Understanding Avaya Internet Protocol Server Interface Resets
I cut my teeth on Port Network (PN) outages when I joined Avaya’s Tier-3 backbone support back in 2006. I was assigned to supporting the S8700 series of duplexed Communication Manager (CM) servers just as CM 3 was being released. Back then, the timers were very tight and a large percentage of my trouble tickets were explaining to customers why an IPSI (Internet Protocol Server Interface) reset, which in turn caused a port network outage.
Avaya uses several different heartbeat mechanisms so that devices know if they have lost connectivity. In the case of port networks, which means any IPSI-controlled cabinet (such as a G650), the heartbeat is variously known as a Sanity Checkslot, Socket Sanity, or IPSI Sanity. This TCP heartbeat is sent to every IPSI every second by the active CM-main (and in duplex CM also by the standby CM). So, if you were to have CM-duplex and duplicated IPSIs in each of the maximum of 64-port networks (2 CM*2 IPSI *64 PN) 256 heartbeats would fly through the network each second.
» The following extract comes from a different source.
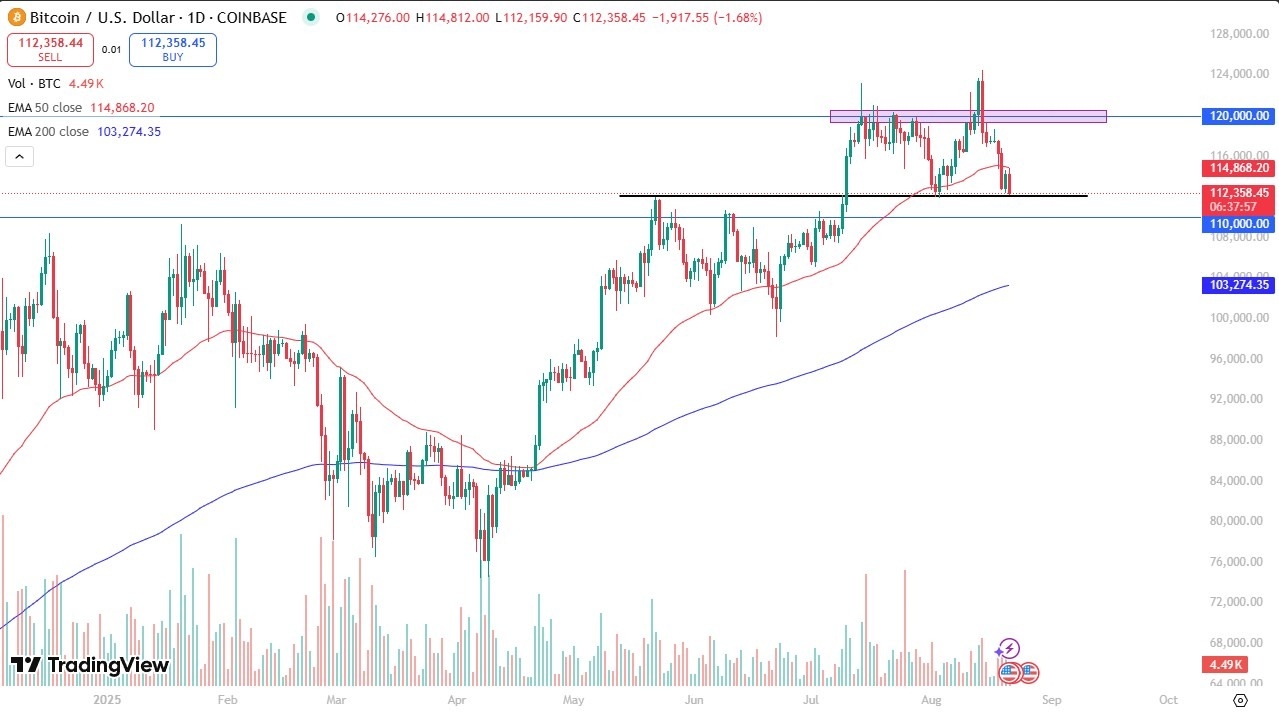 【XM Forex】--BTC/USD Forex Signal: Selling Pressure Builds Near $112K(图1) 【XM Forex】--BTC/USD Forex Signal: Selling Pressure Builds Near $112K(图1)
Originally, the IPSI would react if only three consecutive heartbeats went missing. Starting in CM 3.13, the timer was administrable by an Avaya engineer and in CM 5.0 it became administrable by customers on the CM change system-parameters ipserver-interface form. Now the IPSI Socket Sanity Timeout defaults to 15 seconds (values: 3 to 15 seconds). Data from CM substitutes for missing heartbeats.
Frequently, the cause of missing heartbeats is a mismatch between the IPSI being locked to communicate 100 Mbps/full duplex while the Ethernet switch was set to auto-negotiate (resulting in a half-duplex connection), or vice versa. Also, not enabling quality of service (QoS) to give priority to IPSI traffic, or not segregating the IPSI traffic into a separate physical/virtual LANs, frequently caused problems.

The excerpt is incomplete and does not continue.